Divari generazionali

" Eh, io avevo già casa e famiglia alla tua età!". Quante volte abbiamo sentito queste frasi da parte delle generazioni precedenti? Costoro dimenticano che negli anni '70-'80 l'accesso al lavoro avveniva con requisiti formativi minimi, il potere d'acquisto degli stipendi era significativamente più alto, il mercato immobiliare era accessibile ed il costo della vita proporzionato agli stipendi. Oggi sappiamo che invece vi è una richiesta di alta formazione anche per posizioni generiche, estrema competitività nel mercato del lavoro, contratti prevalentemente temporanei o precari e affitti nelle città che superano il 50% dello stipendio medio. Le cause di questo deterioramento sono identificabili in precise scelte politiche ed economiche, quali la deregolamentazione del mercato del lavoro, con l'introduzione di forme contrattuali sempre più precarie (pensiamo alla legge Biagi, o al Jobs Act di Renzi), la mancata indicizzazione dei salari all'inflazione, che ha eroso il potere d'acquisto, la speculazione immobiliare incontrollata e l'assenza di politiche abitative pubbliche efficaci, il taglio progressivo al welfare state e ai servizi pubblici e la privatizzazione di settori strategici che ha causato aumento dei costi per i cittadini.

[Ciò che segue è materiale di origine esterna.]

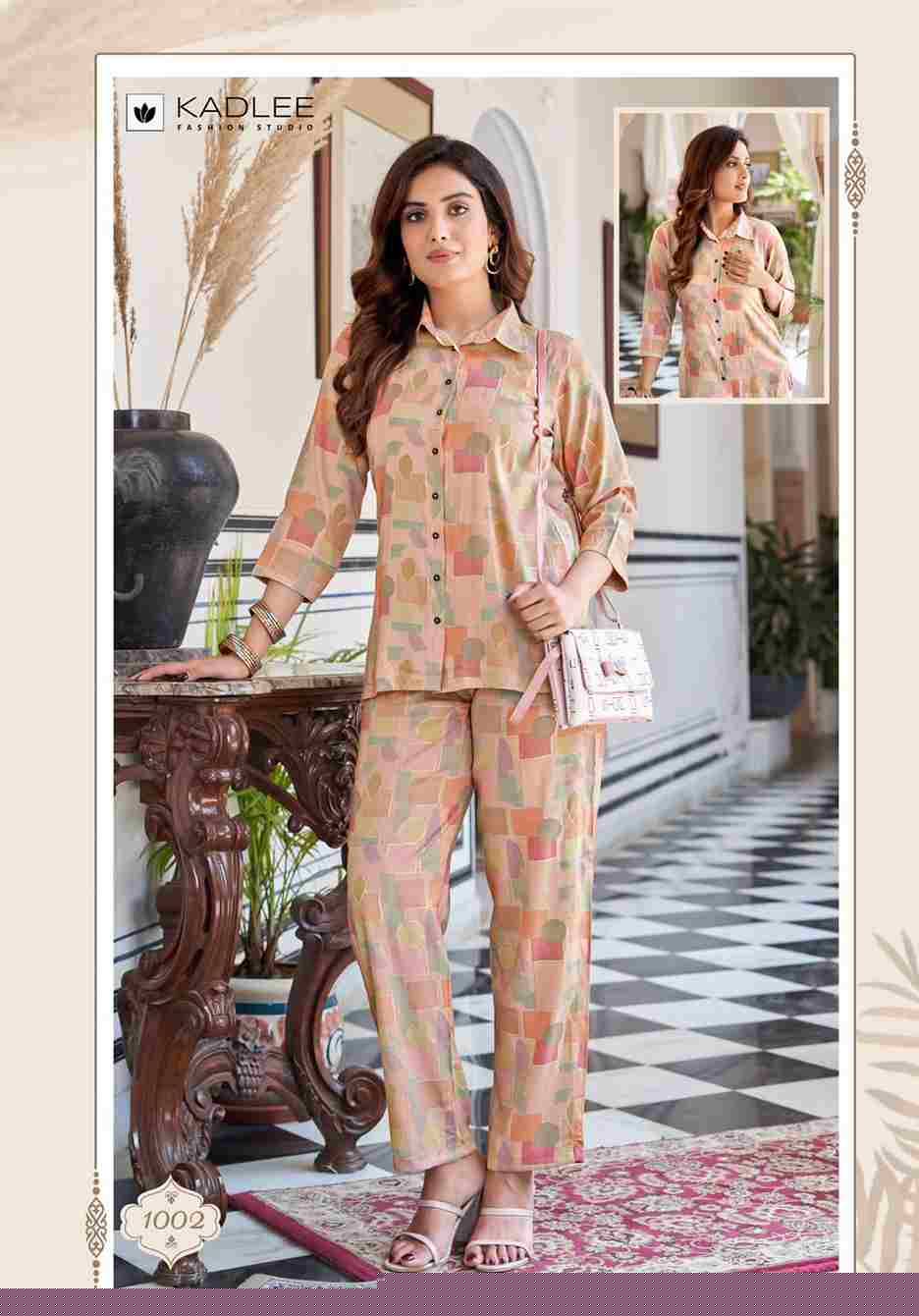 Glory By Kadlee 1001 To 1004 Series Designer Stylish Fancy Colorful Beautiful Party Wear & Ethnic Wear Collection Viscose Slub Print Tops With Bottom At Wholesale Price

La precarietà attuale non è quindi un fenomeno naturale o inevitabile, ma il risultato di precise scelte politiche. È quindi paradossale e profondamente ingiusto che proprio chi ha beneficiato di un sistema più equo, chi ha goduto di tutele lavorative oggi smantellate, chi ha potuto comprare casa con un mutuo sostenibile, chi ha avuto accesso a servizi pubblici efficienti, ora punti il dito contro i giovani accusandoli di "non avere voglia di sacrificarsi". La verità è che molti dei diritti e delle opportunità di cui hanno goduto sono stati gradualmente erosi proprio durante la loro gestione della società, mentre ora pretendono dalle nuove generazioni risultati impossibili da raggiungere in un contesto completamente deteriorato.